Observing the products of stellar evolution in the old open cluster M67 with APOGEE

TL;DR

This study uses APOGEE data to analyze the [C/N] ratio in stars of the open cluster M67, providing insights into stellar evolution and calibrating age indicators based on chemical abundances.

Contribution

It offers a detailed chemical analysis of M67 stars, highlighting an [N/Fe] offset and establishing a precise [C/N] ratio at the first dredge-up for age calibration.

Findings

[C/N] at FDU is -0.46 dex, constraining age calibration.

[N/Fe] abundance is overestimated by ~0.2 dex in subgiants.

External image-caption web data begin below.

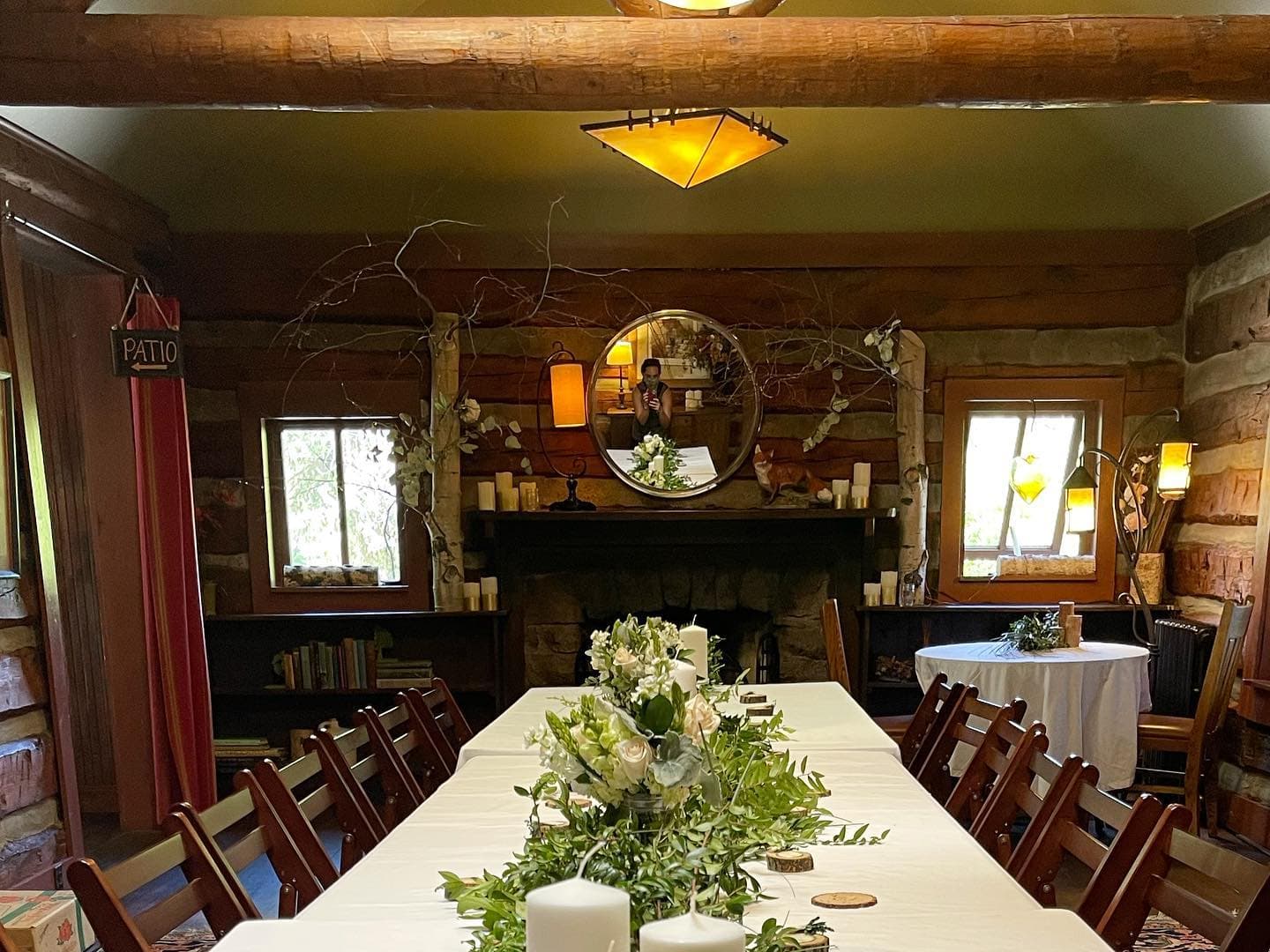 A warmly lit rustic dining room with a long table adorned with greenery and candles, featuring a stone fireplace and wooden decor.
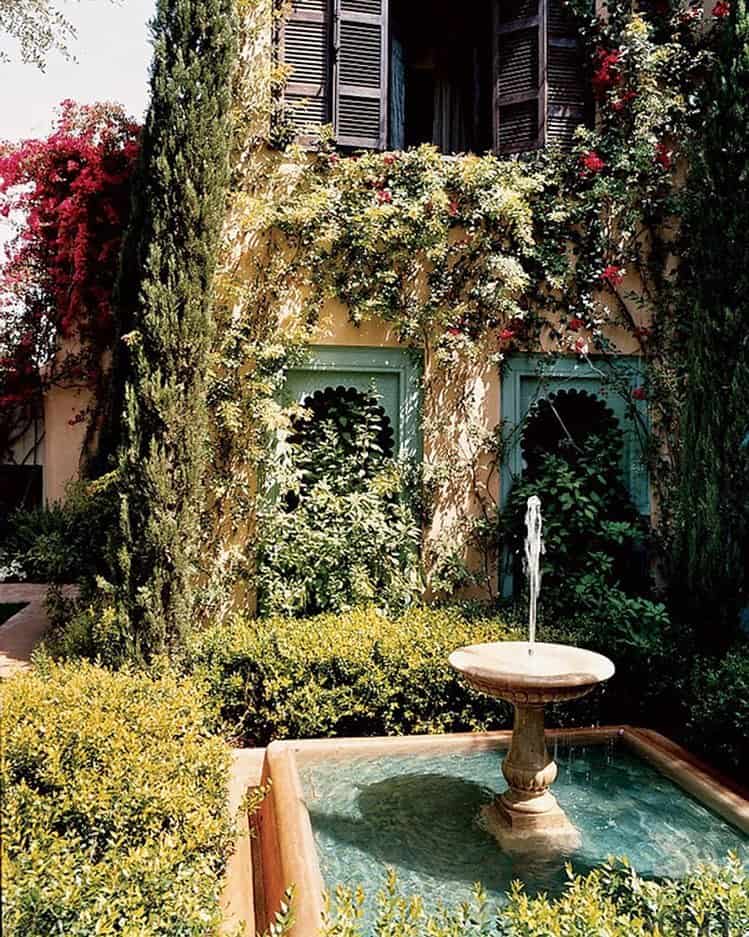 A tranquil Marrakech garden scene with a small fountain in the foreground. The two-story building is draped in green vines and red flowers, reminiscent of a living Garden Gallery. Tall, narrow trees frame the windows with dark wooden shutters, while lush green hedges complete the serene tableau.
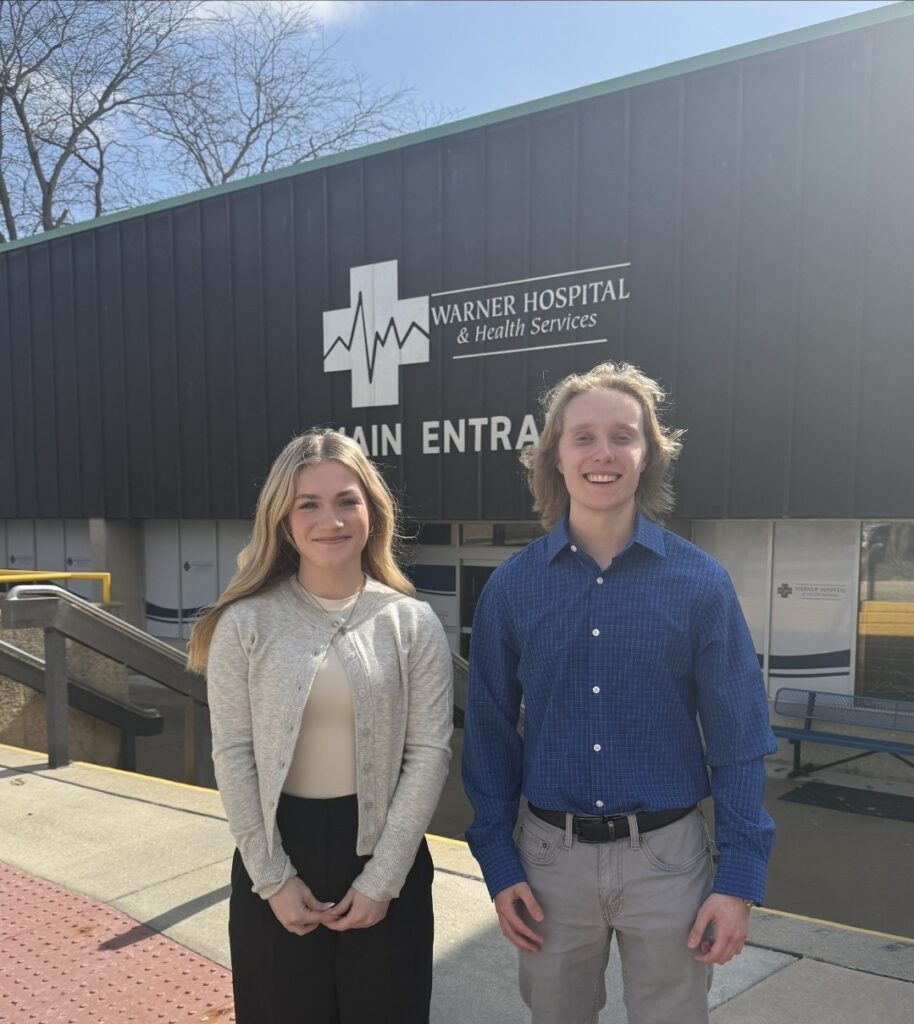 Two students standing in front of the Warner Hospital & Health Services sign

No evidence of additional mixing processes after the RGB bump.

Abstract

Recent works have shown how the [C/N] ratio in stars after the first dredge-up (FDU) can be used as an age estimator in virtue of its dependence on stellar mass. For this purpose, precise predictions of the surface chemical composition before and after the mixing takes place in the convective envelope of subgiant stars are necessary. Stellar evolution models can provide us with such predictions, although a comparision with objects of known age is needed for calibration. Open clusters are excellent test cases, as they represent a single stellar population for which the age can be derived through, e.g., isochrone fitting. In this study, we present a detailed analysis of stars belonging to the well-known open cluster M67 observed by the APOGEE survey in the twelfth data release of the Sloan Digital Sky Survey and whose chemical properties were derived with the ASPCAP pipeline. We find that the [C/N] abundance of subgiant branch stars is overestimated by $\sim0.2$ dex due to an offset in the determination of the [N/Fe] abundance. Stars on the red giant branch and red clump are shown not to be affected by this offset. We derive $\text{[C/N]}_{FDU}=-0.46\pm 0.03$ dex, which poses a strong constraint on calibrations of $\text{[C/N]}_{FDU}$ as age indicator. We also do not find any clear signature of additional chemical mixing processes that set in after the red giant branch bump. The results obtained for M67 indicate the importance of conducting high-resolution spectroscopic studies of open clusters of different ages in order to establish an accurate age-dating method for field stars.